Yhary Arias

Posted on Oct 1, 2024

Orchestrating Models: Machine Learning with Docker Compose

#docker #api #flask #machinelearning

Docker Compose is a powerful tool for easily and efficiently defining and managing multi-container Docker applications. In this article, we will explore the basic concepts of Docker Compose and how you can start using it to orchestrate your applications.

What is Docker Compose?

Docker Compose is a tool that allows you to define and run multi-container Docker applications using a YAML file to configure your application's services. Then, with a single command, you can create and run all the defined containers. This simplifies the creation and configuration of complex development and production environments where multiple services need to interact with each other.

Optional

Installing Docker Compose Before getting started, make sure you have Docker Compose installed on your machine. You can install it by following the official Docker instructions.
If you are using a Mac, you can install Docker Compose with the following command. Before running it, make sure you have Docker Desktop installed on your machine.
$ brew install docker-compose
Now, verify the version you have installed:
$ docker-compose --version

Antes de probar Docker Compose con un proyecto de Machine Learning, vamos aclarar la diferencia entre Docker Compose y Kubernetes

Docker Compose:

What it's for: Docker Compose is a tool that lets you run multiple containers together. It's mainly designed for development and testing. It's ideal if you want to quickly spin up multiple services on your machine, like a database, an API, and a web app, all running locally.

How it works: You use a file called docker-compose.yml to define which containers you are going to use and how they connect to each other. For example, you can say, "I want to launch my application and connect it to a database." Compose will take care of that for you with a single command.

Ideal for: Small projects or development environments where you don't need a very complex system and just want to quickly test on your machine.

Kubernetes:

What it's for: Kubernetes is much larger and more powerful than Docker Compose. It not only helps you launch containers but also helps you manage applications in production, on real servers, efficiently and at scale.

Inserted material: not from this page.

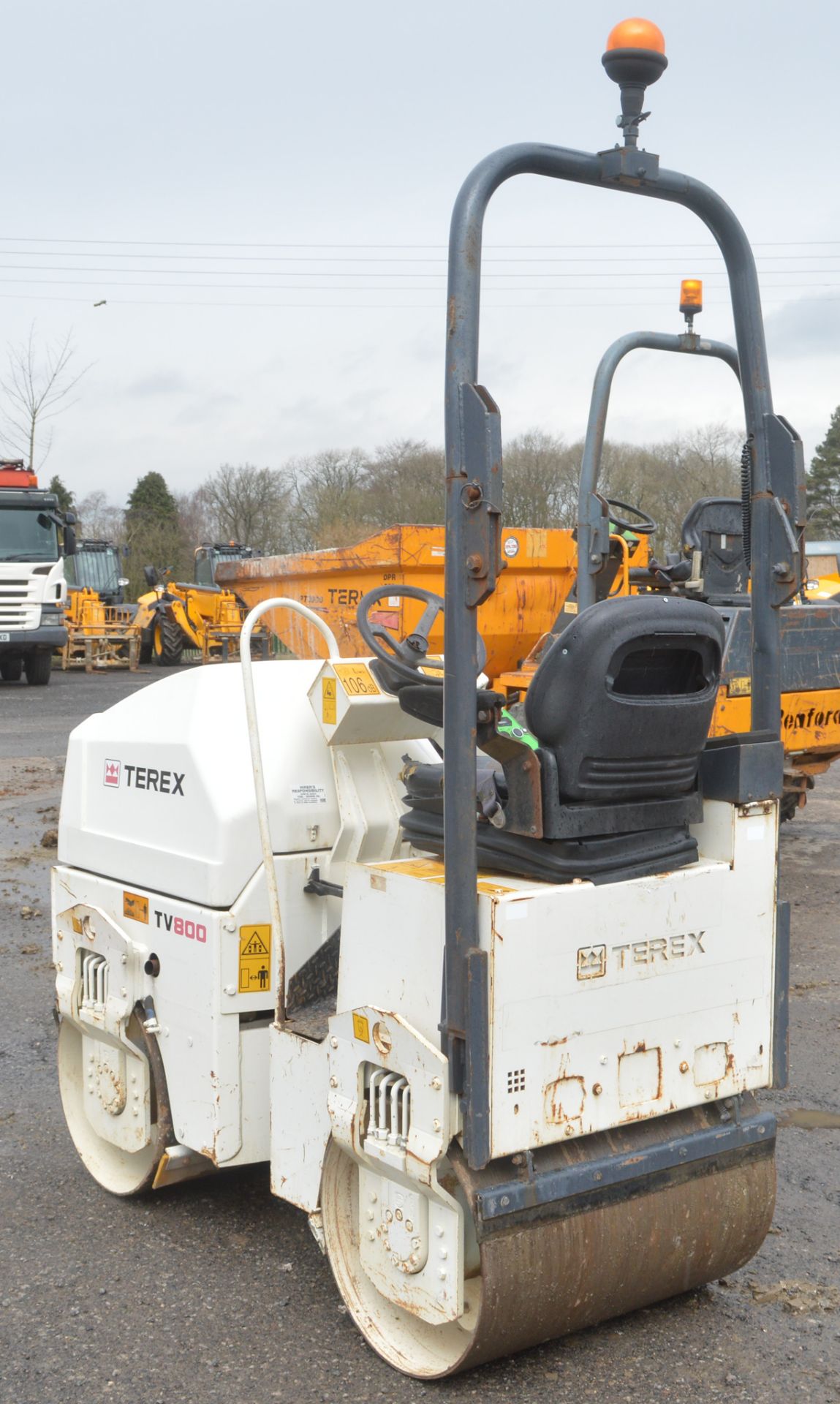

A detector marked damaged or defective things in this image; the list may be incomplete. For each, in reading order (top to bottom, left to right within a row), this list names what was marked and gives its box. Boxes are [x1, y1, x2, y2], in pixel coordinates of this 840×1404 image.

rusted metal frame [579, 332, 743, 617]
rusted metal frame [447, 146, 784, 1176]
rusted metal frame [477, 1106, 778, 1228]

How it works: Kubernetes ensures that your application is always running, has enough resources, and can handle many users. If one of your containers fails, Kubernetes will automatically replace it. It can also scale (increase or decrease the number of containers) based on what your application needs at any given moment.

Ideal for: Large production applications that need to be always available and handle high traffic. Large companies or projects that plan to grow significantly often use Kubernetes.

In summary:

Docker Compose is for quickly launching and managing multiple containers on your local machine, ideal for development or testing. Kubernetes is for managing large production applications that need more control, stability, and scalability. Compose is like a small engine that helps you work on your project. Kubernetes is like a large machine that keeps your application running smoothly, even with lots of users and traffic.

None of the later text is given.